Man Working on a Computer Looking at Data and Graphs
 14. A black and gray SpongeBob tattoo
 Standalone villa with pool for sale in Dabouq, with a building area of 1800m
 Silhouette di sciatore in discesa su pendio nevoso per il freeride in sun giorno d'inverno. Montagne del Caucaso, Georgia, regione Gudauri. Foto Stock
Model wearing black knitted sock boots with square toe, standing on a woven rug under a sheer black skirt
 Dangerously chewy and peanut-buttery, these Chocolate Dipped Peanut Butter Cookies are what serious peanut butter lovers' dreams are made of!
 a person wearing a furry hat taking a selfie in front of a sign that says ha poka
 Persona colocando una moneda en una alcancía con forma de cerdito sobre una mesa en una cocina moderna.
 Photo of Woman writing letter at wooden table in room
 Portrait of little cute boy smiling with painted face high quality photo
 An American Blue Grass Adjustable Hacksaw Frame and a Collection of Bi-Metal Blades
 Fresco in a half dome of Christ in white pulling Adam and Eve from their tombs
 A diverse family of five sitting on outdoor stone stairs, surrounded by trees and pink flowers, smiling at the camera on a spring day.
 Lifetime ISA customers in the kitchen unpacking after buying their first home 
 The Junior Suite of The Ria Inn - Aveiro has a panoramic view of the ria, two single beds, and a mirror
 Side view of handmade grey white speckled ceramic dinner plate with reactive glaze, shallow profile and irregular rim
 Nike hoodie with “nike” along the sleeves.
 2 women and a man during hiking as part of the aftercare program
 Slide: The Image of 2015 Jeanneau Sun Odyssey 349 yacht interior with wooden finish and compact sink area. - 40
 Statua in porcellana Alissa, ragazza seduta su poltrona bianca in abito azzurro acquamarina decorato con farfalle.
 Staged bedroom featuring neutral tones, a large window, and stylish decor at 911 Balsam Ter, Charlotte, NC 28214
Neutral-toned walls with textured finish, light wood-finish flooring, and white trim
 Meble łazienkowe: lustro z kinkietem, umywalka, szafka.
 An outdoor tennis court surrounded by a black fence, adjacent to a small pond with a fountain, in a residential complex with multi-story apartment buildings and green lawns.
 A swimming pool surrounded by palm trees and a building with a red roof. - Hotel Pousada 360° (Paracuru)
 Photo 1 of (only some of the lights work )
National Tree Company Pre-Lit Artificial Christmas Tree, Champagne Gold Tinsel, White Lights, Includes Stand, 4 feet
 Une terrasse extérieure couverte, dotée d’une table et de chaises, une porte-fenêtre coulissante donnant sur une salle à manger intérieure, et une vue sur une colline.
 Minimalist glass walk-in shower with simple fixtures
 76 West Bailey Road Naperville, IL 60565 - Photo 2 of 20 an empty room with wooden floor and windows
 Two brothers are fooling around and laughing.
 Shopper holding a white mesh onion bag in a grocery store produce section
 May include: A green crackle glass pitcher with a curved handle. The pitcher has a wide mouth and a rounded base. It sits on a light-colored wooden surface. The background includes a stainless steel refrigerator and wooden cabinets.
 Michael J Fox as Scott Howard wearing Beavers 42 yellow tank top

# EXERCISE BRIEF:
The lines above from the one with "An outdoor tennis" through the one with "National Tree Company" are to be duplicated exactly, ends included, with nothing added.

# REPLY TO THE TASK:
 An outdoor tennis court surrounded by a black fence, adjacent to a small pond with a fountain, in a residential complex with multi-story apartment buildings and green lawns.
 A swimming pool surrounded by palm trees and a building with a red roof. - Hotel Pousada 360° (Paracuru)
 Photo 1 of (only some of the lights work )
National Tree Company Pre-Lit Artificial Christmas Tree, Champagne Gold Tinsel, White Lights, Includes Stand, 4 feet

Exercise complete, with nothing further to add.